To make this happen, Stephanie brought Maisie on board. “We created back stories for the soaps: who was the character that bought it? What strife were they in? How did they feel?”, the designer says. Alongside these short imaginary narratives, Maisie developed a series of hypersaturated still life photographs in her signature maximalist style, where the presence of dirt, clumps of hair and slugs only add to a visceral image of the soaps cleansing properties.
Whilst a more is more approach to image making made the most of the soaps’ strong colours, religious iconography and distinct design identities, it was important that there was structure to “anchor the book within the chaos”, Stephanie says. Through endless experimenting with designer Tal Brosh, the pair developed repetitive typographic templates for the soaps surrounding stories, this included: “nested text blocks, exaggerated drop caps, and symmetrical page ornamentation speaks to prayer books and the religious heritage visible in the text”, Stephanie shares. Tal’s “liquid” illustrations as the designer describes them also helped link pages together and connote themes of magic and bathing.

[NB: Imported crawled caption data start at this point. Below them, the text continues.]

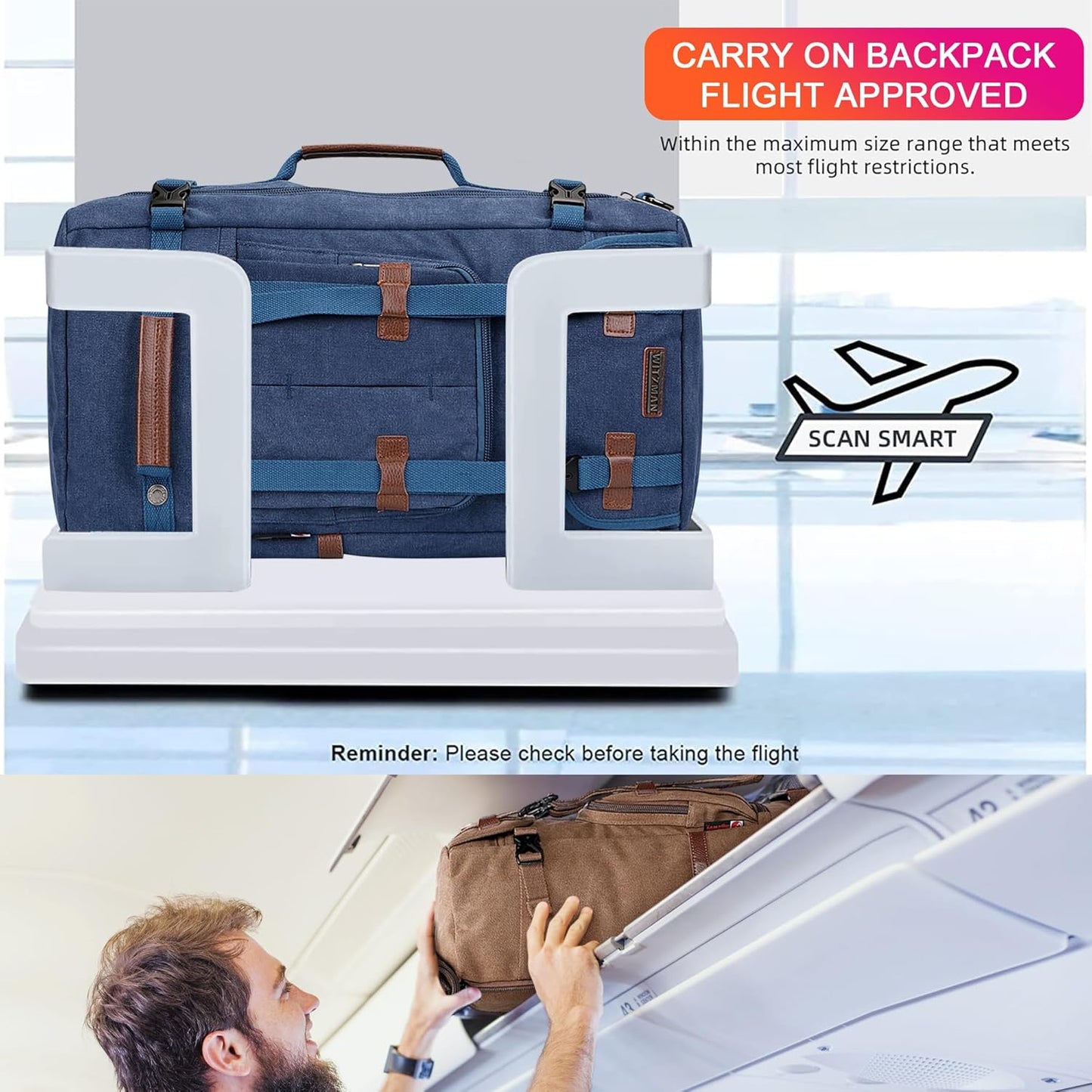 WITZMAN Canvas Backpack Vintage Travel Backpack Large Laptop Bags Convertible Shoulder Rucksack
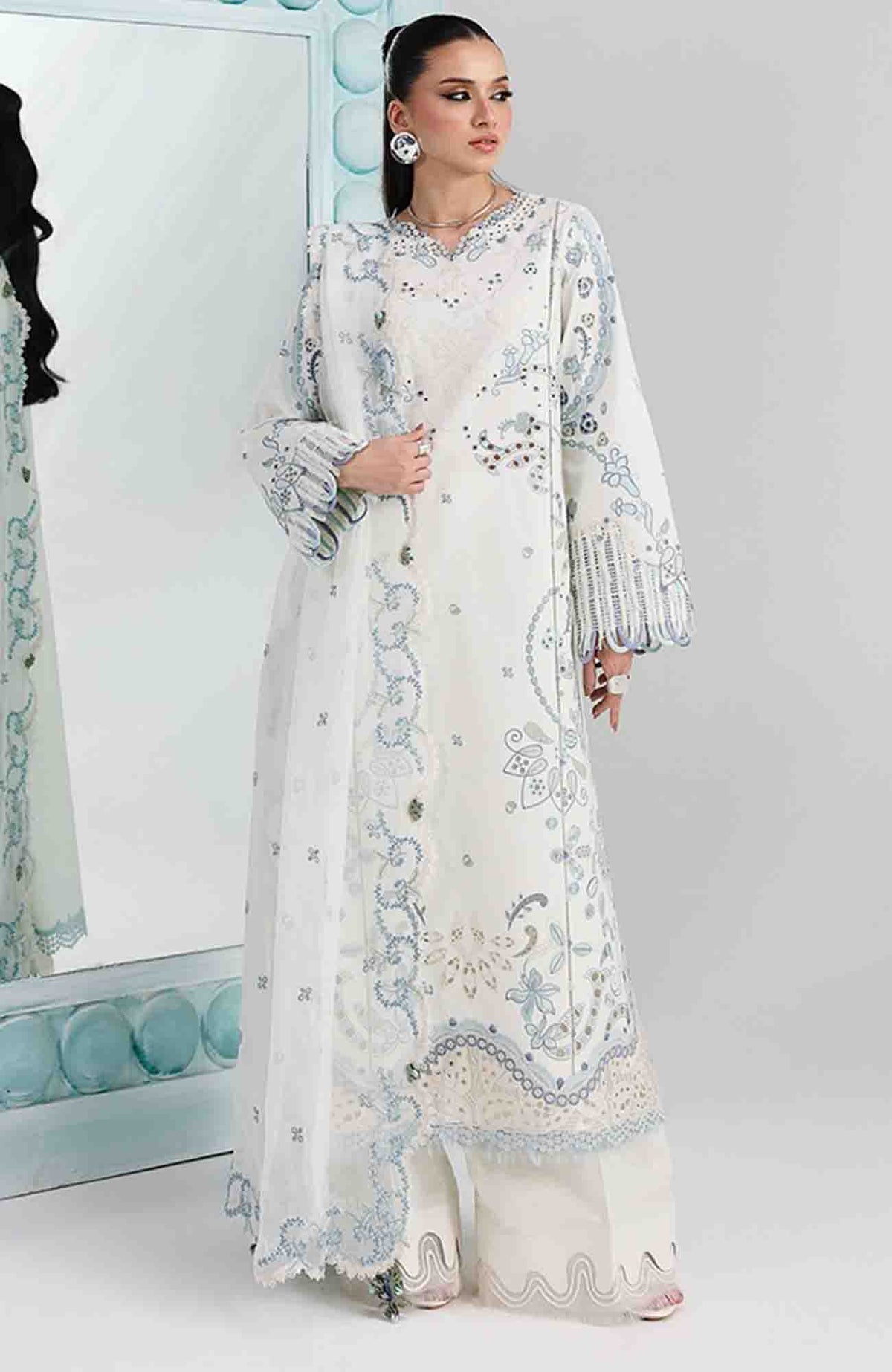 Festive Lawn By Qalamkar Unstitched Lawn Embroidered 3 Piece Suit  - QLMFSTL-03-Irmin - Summer Collection
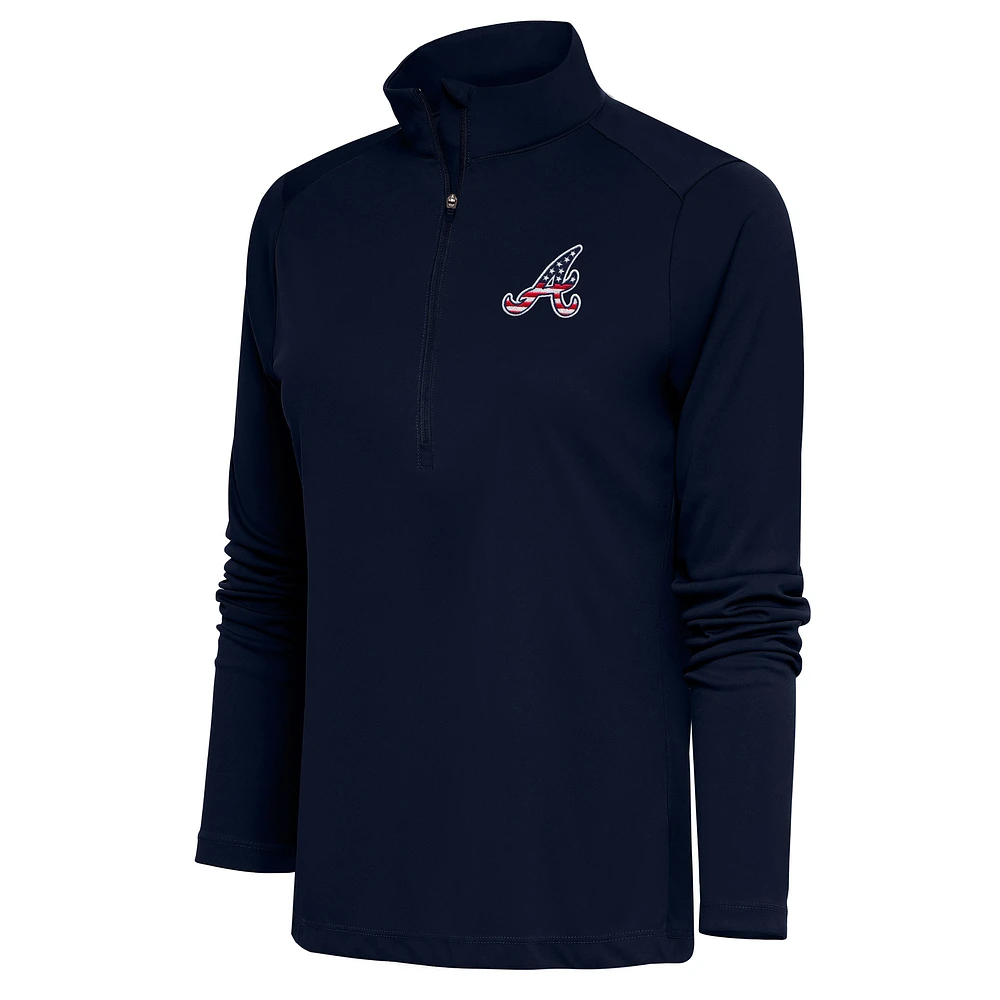 Women's Antigua Navy Atlanta Braves Patriotic Tribute Half-Zip Pullover Top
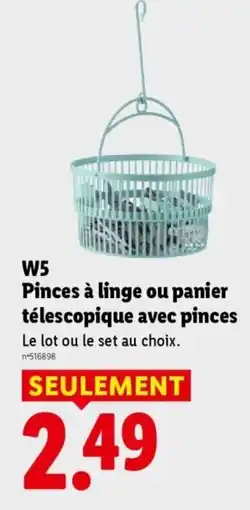 Lidl W5 Pinces à linge ou panier télescopique avec pinces offre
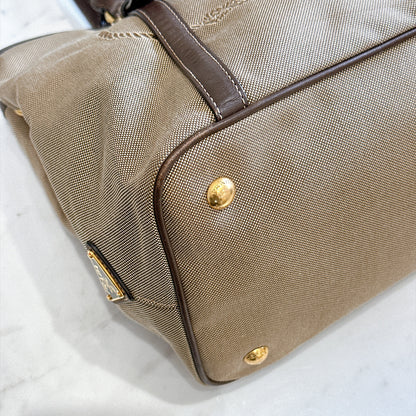 Prada Logo Jacquard Tote Bag in Brown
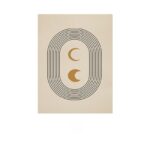 北欧ミニマル 抽象 キャンバスアート｜ムーンフェーズとアーチライン - 画像 (2)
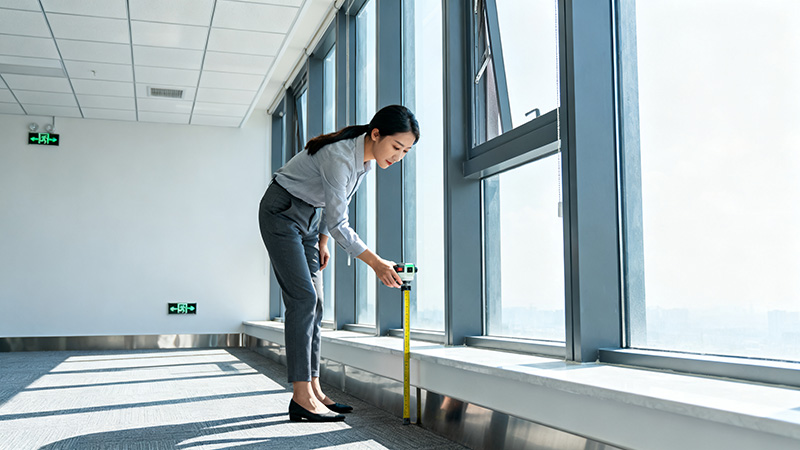 辦公室裝修現(xiàn)場平整度檢查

Overall, the book’s design and rhythm allows you to digest this journey through a traditional witchcraft market in a number of ways. It serves a tactile tour of the packaging, an immersion into written narratives, and a photographic feast of the soaps themselves. “There’s different ways to enjoy it depending on your interests. Designers love the packaging for being authentically lo-fi. Others have enjoyed finding connection and meaning between the text and images,” the designer shares. “I’ve even heard from Mexico that people love the attention I gave to something that seems so insignificant in their culture. The project has made me think about what belief systems do for us. It’s not about granting our wishes really, but giving us a sense of control in a chaotic world.”